Dans un entrepôt désaffecté d’Edimbourg, la police retrouve le corps sans vie de Ritchie Gulliver, député ultra-conservateur, raciste, corrompu.
Il n’y a pas que la vie qui lui a été retirée, mais aussi tout l’appareil génital. Aux vues du passé chargé de l’élu, les suspects s’avèrent nombreux qui auraient eu envie de s’acharner sur ses parties intimes. Ray Lennox, enquêteur au sein de la brigade des crimes graves, est chargé des investigations. Les indices l’amènent à sillonner en tous sens les rues de la capitale écossaise. Les secrets sordides se succèdent, émanant aussi bien des banlieues huppées que des quartiers glauques. Ray tente d’accumuler les preuves contre un mystérieux vengeur tandis que les détails de l’enquête le replongent dans les souvenirs traumatisants d’une agression subie dans son enfance et menacent de le faire replonger dans ses addictions.
Pour cette deuxième immersion dans l’univers du polar après Crime, Welsh retrouve Ray Lennox, son flic au grand cœur, au langage fleuri, en lutte contre ses propres démons et toutes les formes d’injustices touchant les démunis, les faibles et surtout les enfants. Ray fonce, quitte à braquer sa hiérarchie. Tous les moyens sont bons, et Welsh ne lésine pas sur les descriptions réalistes et crades, pour mettre les salopards hors d’état de nuire, d’autant qu’ici sont visés les nantis, dont les soutiens dans les plus hautes sphères semblent sans limite, comme le sont leurs actes dégueulasses. Ray se fait le porte-parole du peuple contre les élites : « il en sait assez sur les riches pour comprendre qu’à leurs yeux, leurs actions même les plus malhonnêtes ne passent quasiment jamais pour des délits, encore moins pour des crimes. Tous mènent une existence compartimentée. Dans leurs écoles privées, leurs universités de renom, leurs demeures familiales, leurs destinations de vacances. Ils sont conditionnés à croire qu’ils vivent et évoluent au sein d’institutions fermées et méconnues, où leurs occupations relèvent de leur vie privée la plus stricte et ne regardent en rien le reste de la société. »

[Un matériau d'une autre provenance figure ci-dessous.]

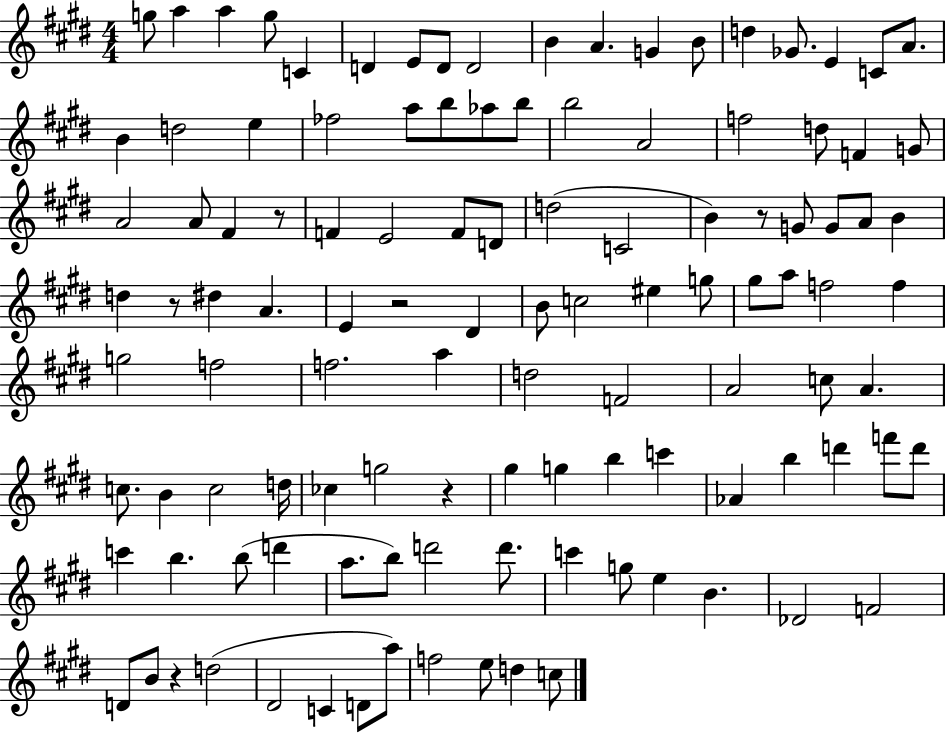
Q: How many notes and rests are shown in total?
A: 114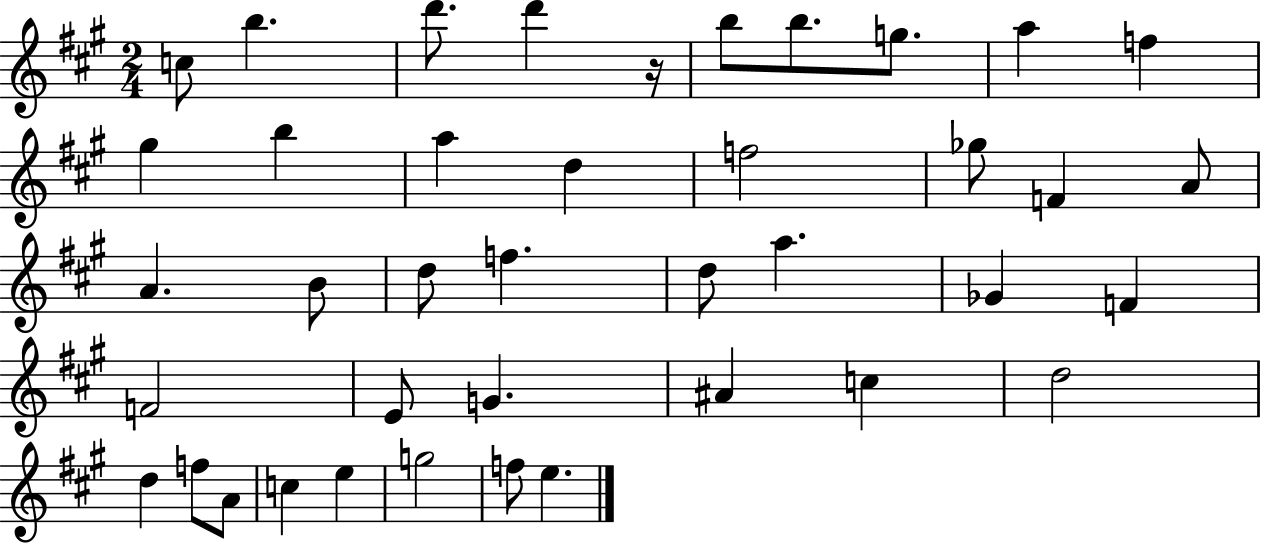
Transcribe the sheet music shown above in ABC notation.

X:1
T:Untitled
M:2/4
L:1/4
K:A
c/2 b d'/2 d' z/4 b/2 b/2 g/2 a f ^g b a d f2 _g/2 F A/2 A B/2 d/2 f d/2 a _G F F2 E/2 G ^A c d2 d f/2 A/2 c e g2 f/2 e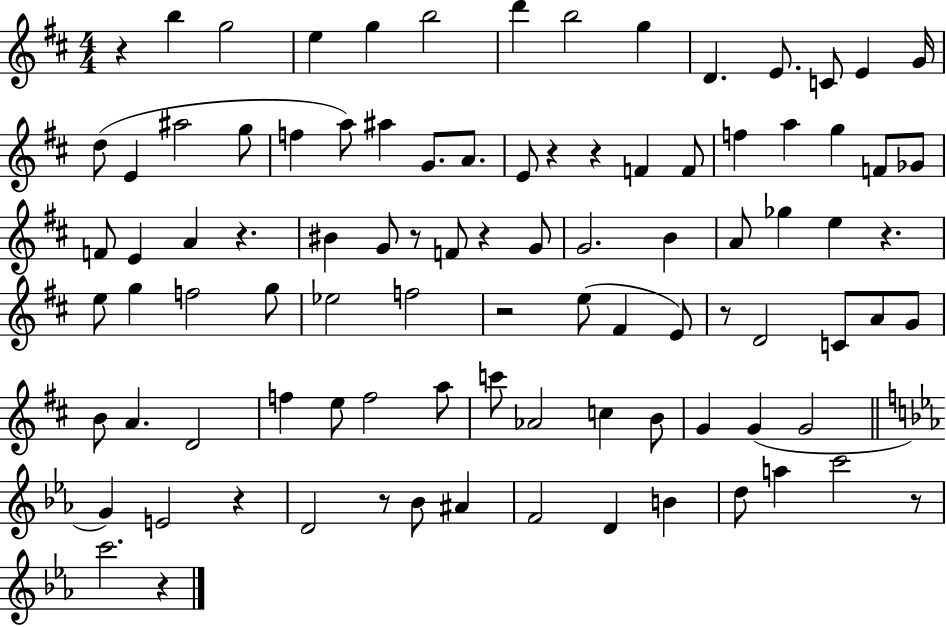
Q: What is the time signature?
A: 4/4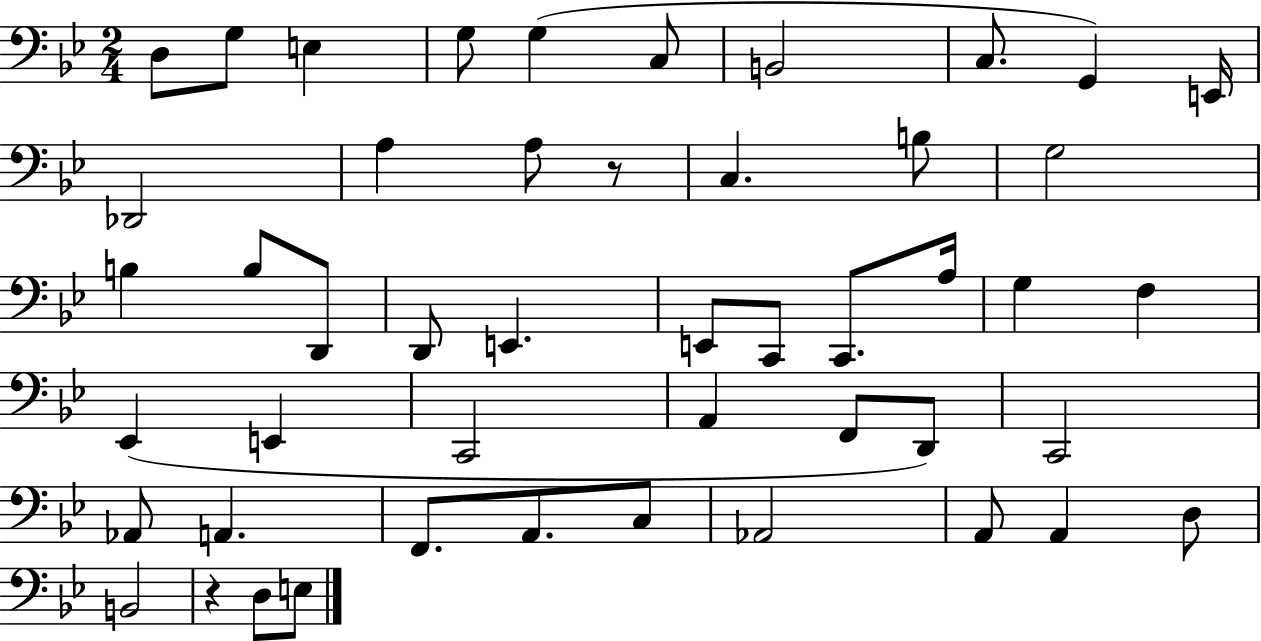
D3/e G3/e E3/q G3/e G3/q C3/e B2/h C3/e. G2/q E2/s Db2/h A3/q A3/e R/e C3/q. B3/e G3/h B3/q B3/e D2/e D2/e E2/q. E2/e C2/e C2/e. A3/s G3/q F3/q Eb2/q E2/q C2/h A2/q F2/e D2/e C2/h Ab2/e A2/q. F2/e. A2/e. C3/e Ab2/h A2/e A2/q D3/e B2/h R/q D3/e E3/e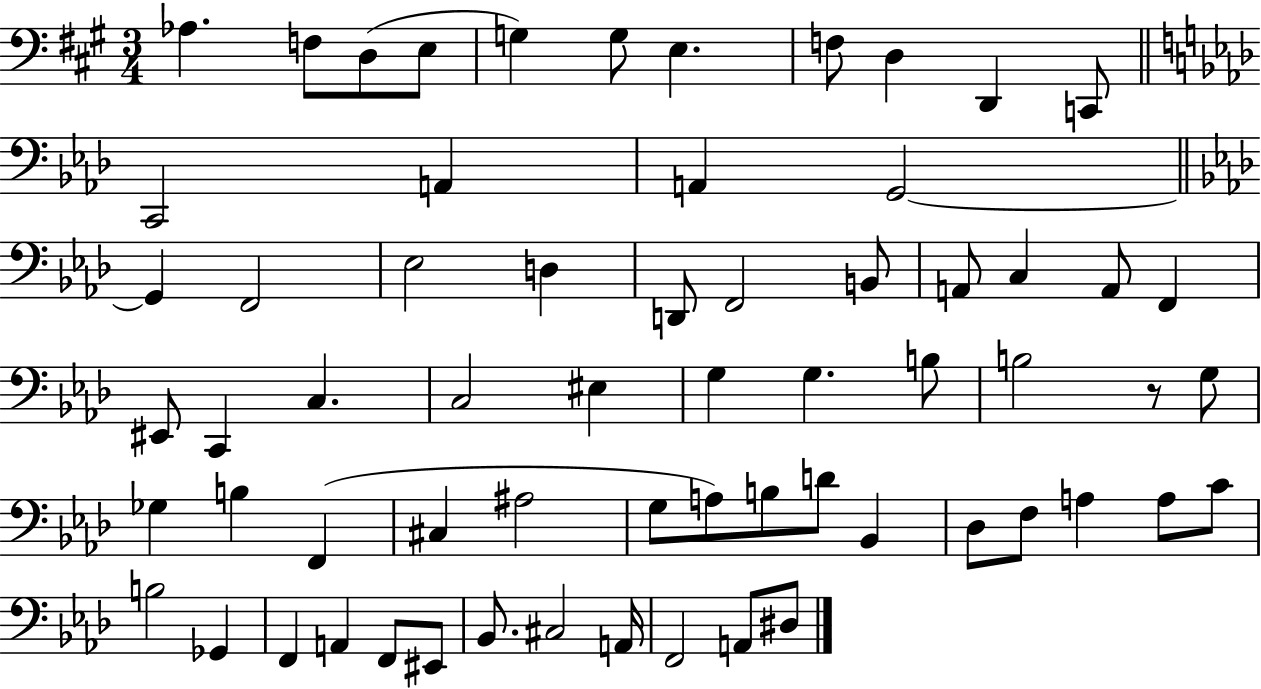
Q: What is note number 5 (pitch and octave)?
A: G3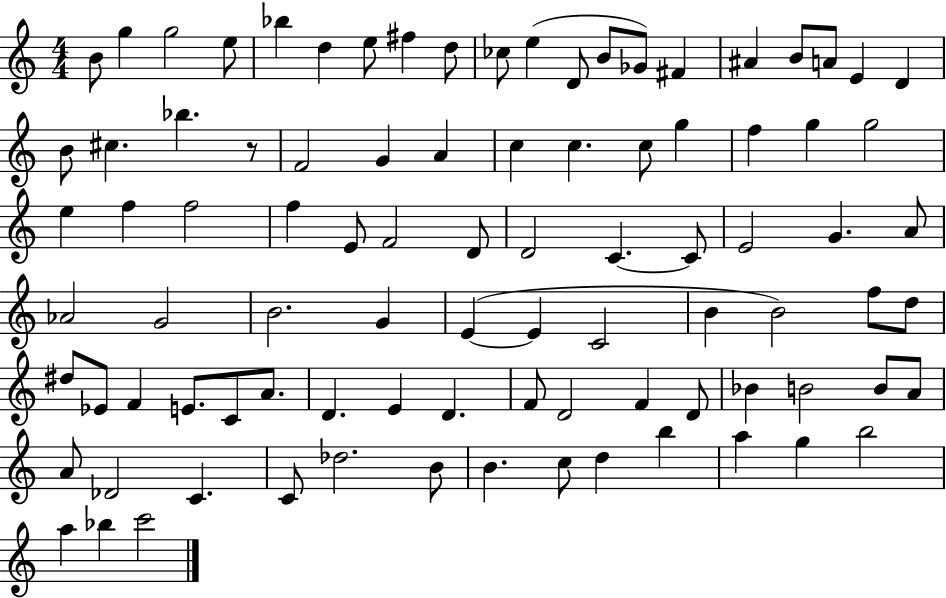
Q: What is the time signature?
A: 4/4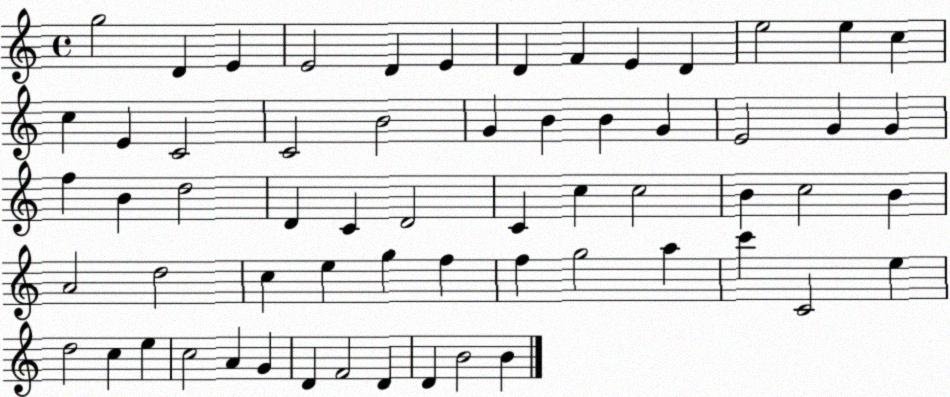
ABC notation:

X:1
T:Untitled
M:4/4
L:1/4
K:C
g2 D E E2 D E D F E D e2 e c c E C2 C2 B2 G B B G E2 G G f B d2 D C D2 C c c2 B c2 B A2 d2 c e g f f g2 a c' C2 e d2 c e c2 A G D F2 D D B2 B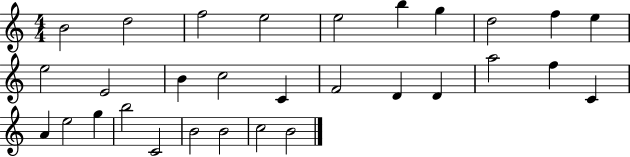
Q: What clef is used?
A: treble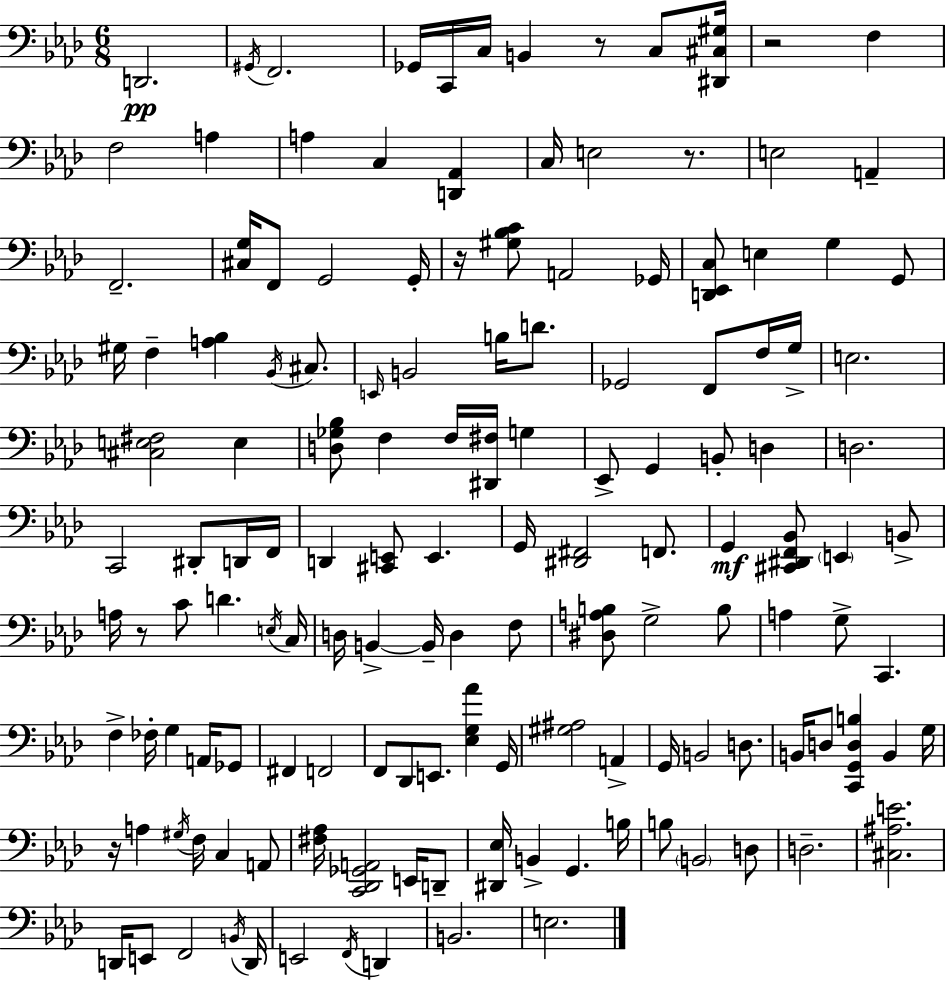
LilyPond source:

{
  \clef bass
  \numericTimeSignature
  \time 6/8
  \key f \minor
  d,2.\pp | \acciaccatura { gis,16 } f,2. | ges,16 c,16 c16 b,4 r8 c8 | <dis, cis gis>16 r2 f4 | \break f2 a4 | a4 c4 <d, aes,>4 | c16 e2 r8. | e2 a,4-- | \break f,2.-- | <cis g>16 f,8 g,2 | g,16-. r16 <gis bes c'>8 a,2 | ges,16 <d, ees, c>8 e4 g4 g,8 | \break gis16 f4-- <a bes>4 \acciaccatura { bes,16 } cis8. | \grace { e,16 } b,2 b16 | d'8. ges,2 f,8 | f16 g16-> e2. | \break <cis e fis>2 e4 | <d ges bes>8 f4 f16 <dis, fis>16 g4 | ees,8-> g,4 b,8-. d4 | d2. | \break c,2 dis,8-. | d,16 f,16 d,4 <cis, e,>8 e,4. | g,16 <dis, fis,>2 | f,8. g,4\mf <cis, dis, f, bes,>8 \parenthesize e,4 | \break b,8-> a16 r8 c'8 d'4. | \acciaccatura { e16 } c16 d16 b,4->~~ b,16-- d4 | f8 <dis a b>8 g2-> | b8 a4 g8-> c,4. | \break f4-> fes16-. g4 | a,16 ges,8 fis,4 f,2 | f,8 des,8 e,8. <ees g aes'>4 | g,16 <gis ais>2 | \break a,4-> g,16 b,2 | d8. b,16 d8 <c, g, d b>4 b,4 | g16 r16 a4 \acciaccatura { gis16 } f16 c4 | a,8 <fis aes>16 <c, des, ges, a,>2 | \break e,16 d,8-- <dis, ees>16 b,4-> g,4. | b16 b8 \parenthesize b,2 | d8 d2.-- | <cis ais e'>2. | \break d,16 e,8 f,2 | \acciaccatura { b,16 } d,16 e,2 | \acciaccatura { f,16 } d,4 b,2. | e2. | \break \bar "|."
}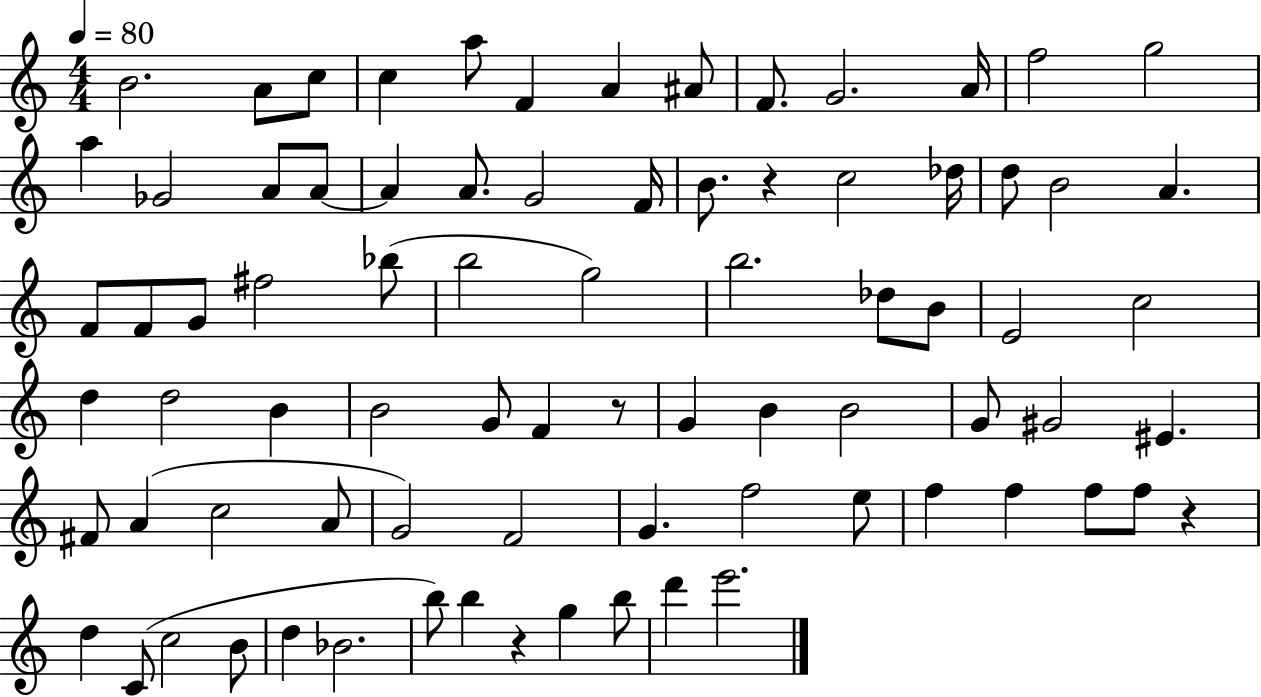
{
  \clef treble
  \numericTimeSignature
  \time 4/4
  \key c \major
  \tempo 4 = 80
  \repeat volta 2 { b'2. a'8 c''8 | c''4 a''8 f'4 a'4 ais'8 | f'8. g'2. a'16 | f''2 g''2 | \break a''4 ges'2 a'8 a'8~~ | a'4 a'8. g'2 f'16 | b'8. r4 c''2 des''16 | d''8 b'2 a'4. | \break f'8 f'8 g'8 fis''2 bes''8( | b''2 g''2) | b''2. des''8 b'8 | e'2 c''2 | \break d''4 d''2 b'4 | b'2 g'8 f'4 r8 | g'4 b'4 b'2 | g'8 gis'2 eis'4. | \break fis'8 a'4( c''2 a'8 | g'2) f'2 | g'4. f''2 e''8 | f''4 f''4 f''8 f''8 r4 | \break d''4 c'8( c''2 b'8 | d''4 bes'2. | b''8) b''4 r4 g''4 b''8 | d'''4 e'''2. | \break } \bar "|."
}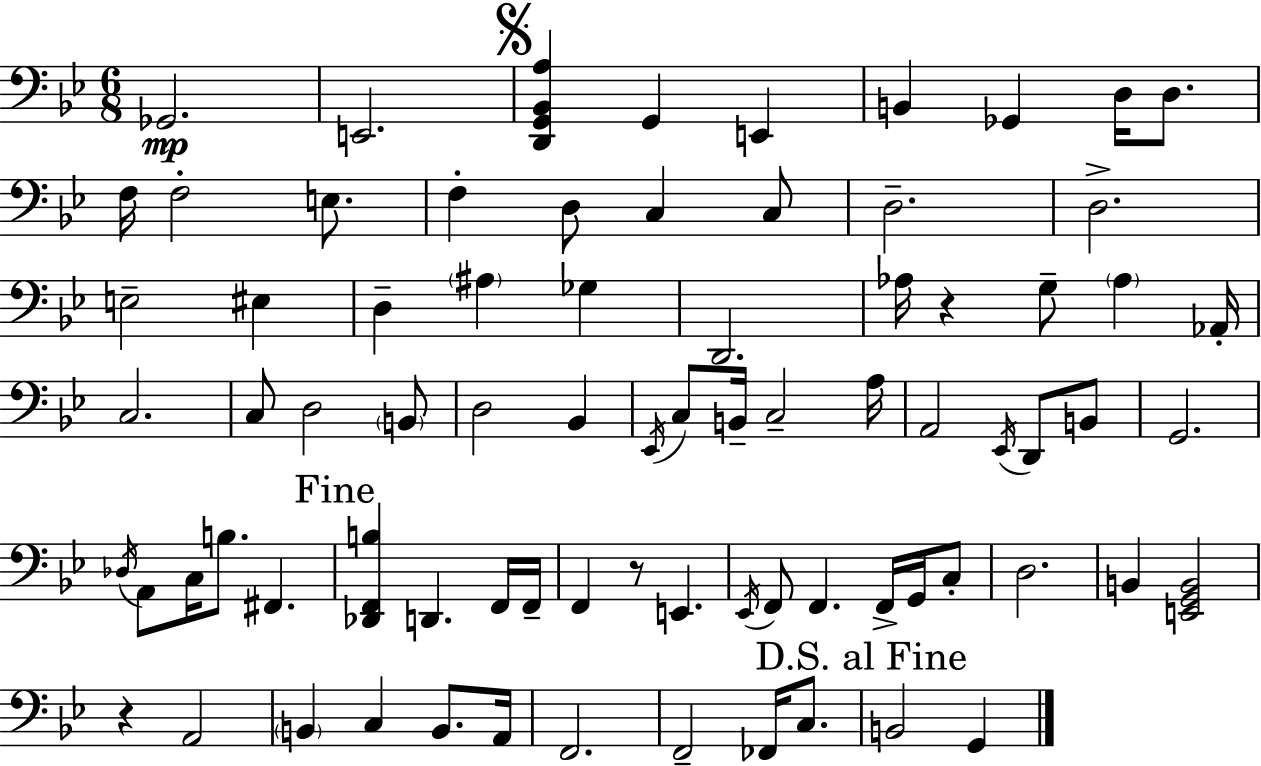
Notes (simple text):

Gb2/h. E2/h. [D2,G2,Bb2,A3]/q G2/q E2/q B2/q Gb2/q D3/s D3/e. F3/s F3/h E3/e. F3/q D3/e C3/q C3/e D3/h. D3/h. E3/h EIS3/q D3/q A#3/q Gb3/q D2/h. Ab3/s R/q G3/e Ab3/q Ab2/s C3/h. C3/e D3/h B2/e D3/h Bb2/q Eb2/s C3/e B2/s C3/h A3/s A2/h Eb2/s D2/e B2/e G2/h. Db3/s A2/e C3/s B3/e. F#2/q. [Db2,F2,B3]/q D2/q. F2/s F2/s F2/q R/e E2/q. Eb2/s F2/e F2/q. F2/s G2/s C3/e D3/h. B2/q [E2,G2,B2]/h R/q A2/h B2/q C3/q B2/e. A2/s F2/h. F2/h FES2/s C3/e. B2/h G2/q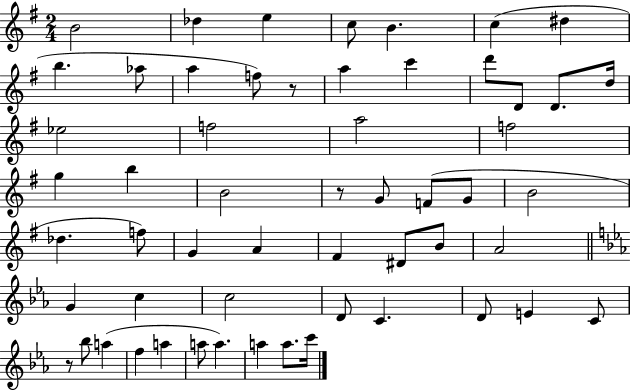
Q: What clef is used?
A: treble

Au fil du récit, pédophiles, sadiques, bourreaux semblent de plus en plus intouchables et Ray de plus en plus désabusé : « Les plus gros dégénérés sont au sommet du pouvoir et on ne peut pas atteindre ces sous-merdes. » La lecture se fait en apnée, au rythme d’une enquête sans temps mort, où grandit notre hargne. Au Royaume-Uni comme ailleurs, ont été exposées de nombreuses affaires impliquant des personnalités ayant bénéficié d’une franche impunité pendant des années, à l’instar du scandale qui a touché Jimmy Savile, l’animateur de Top of the Pops, finalement condamné pour viols sur enfants. Ray se fait, dans Les longs couteaux, l’écho de l’indignation populaire et du dégoût qui ont agité la société britannique suite à de telles révélations.
Le propos pourrait s’avérer manichéen. Welsh évite de sombrer dans une trop grande simplicité, une mièvrerie dégoulinante, grâce à son personnage. Les failles de Ray, ses faiblesses et sa sensibilité en font un être attachant dont on suit avec plaisir l’évolution au cours des deux romans. Avec sérieux, pour une histoire grave, l’auteur s’éloigne de ses héros fétiches, les Renton, Begbie ou Spud, dont on aime tant les frasques, pour une parenthèse dans son œuvre, un passage réussi dans le roman social noir.